The sheriff’s office in recent days engaged in talks with Boulder County Parks And Open Space, the Forest Service and Boulder County Transportation, to see what could be done to better manage the number of people going to the Hessie Trail area.
However, Enholm added, “This isn’t an issue just limited to Hessie. We’ve got it on Flagstaff, and Walker Ranch and Rabbit Mountain, and some of the other areas to the north, like Brainard Lake, for example.”
A solution, he said, was needed for all the areas where people are heading to get in their exercise, despite having been told by Gov. Jared Polis to do so as close as possible to home.
County officials decided on Thursday that that they will use added sheriff’s deputies to closely monitor parking this weekend at Hessie trailhead, the Ron Stewart Preserve at Rabbit Mountain and Brainard Lake, and that those who are parked illegally will be ticketed.
The option would be to simply close them down — a step officials are trying to avoid.

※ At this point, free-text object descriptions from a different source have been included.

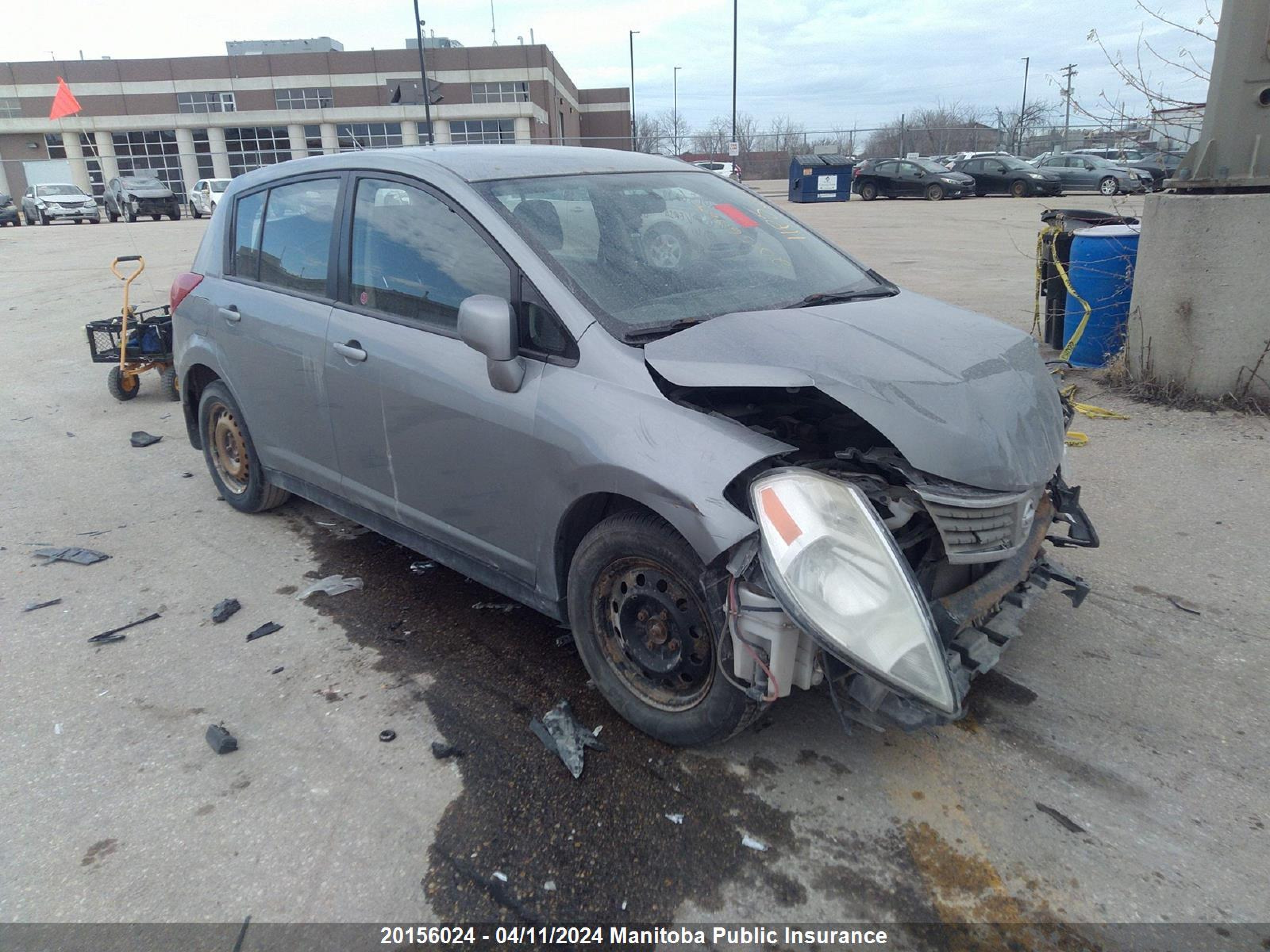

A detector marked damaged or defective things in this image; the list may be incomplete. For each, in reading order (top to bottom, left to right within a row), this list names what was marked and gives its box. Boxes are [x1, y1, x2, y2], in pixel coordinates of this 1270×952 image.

crumpled hood [645, 292, 1060, 492]
damaged gray hatchback [174, 147, 1099, 743]
broken plastic debris [35, 543, 107, 565]
broken plastic debris [294, 578, 362, 600]
detached headlight [756, 470, 952, 714]
crushed front end [721, 447, 1099, 730]
broken plastic debris [211, 597, 241, 625]
broken plastic debris [87, 612, 159, 644]
broken plastic debris [244, 622, 281, 644]
broken plastic debris [206, 727, 238, 755]
broken plastic debris [432, 739, 467, 762]
broken plastic debris [527, 698, 606, 781]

“There are around 44 (parking spots at Hessie (on-road, parallel-parked), and that’s an estimate,” said Vivienne Jannatpour, spokesperson for Boulder County Parks and Open Space. “The plan is for this weekend, the deputies and/or rangers are going to keep it open and allow those parking spots to get filled. And once they’re filled, obviously there would be ticketing” of excess cars — or, cars will be turned around before they even park.

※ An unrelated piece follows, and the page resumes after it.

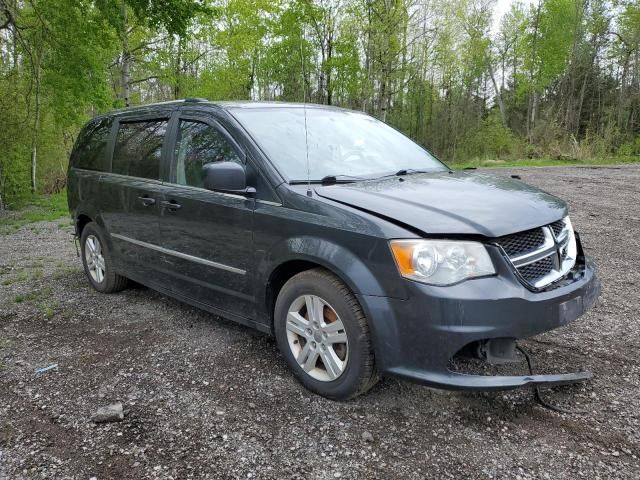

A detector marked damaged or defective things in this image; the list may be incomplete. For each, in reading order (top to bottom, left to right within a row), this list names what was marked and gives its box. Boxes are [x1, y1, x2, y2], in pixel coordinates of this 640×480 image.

damaged front bumper [360, 249, 600, 392]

“I’ve heard that some people who are ticketed are asking to be relieved of their tickets. And I am being told, they will be paid.”
Deputies or rangers will also be monitoring the nearby Mud Lake recreation area north of Nederland off Colo. 72, concerned that it could see heavy overflow traffic from the Hessie area and elsewhere.
“We’re asking people to recreate closer to home. The town of Eldora is definitely getting impacted,” Jannatpour said.
Jannatpour acknowledged that, ideally, during a time of a statewide stay-at-home order and strongly encouraged social distancing, it might seem to be presenting a mixed message, to even be making plans for how to handle crowds at some of the area’s more popular recreation areas.
“That’s been the needle we’ve been trying to thread the whole time, right?” Jannatpour said. “We do think that being able to get outdoors to get exercise and get fresh air is critical to people’s mental health and well-being and that’s a big reason we’re trying to keep everything open.
“The task is to stay healthy. And so that includes getting some outdoor activities — but within that, staying as close to home as possible, not driving too far away. That’s all part of the messaging.”
The weekend weather may make the issue somewhat moot for the short term. After a partly cloudy Saturday with a high of 66, Sunday is forecast by the National Weather Service to offer a 90% chance of accumulating snow, with a high of 29.
That should keep some people at home.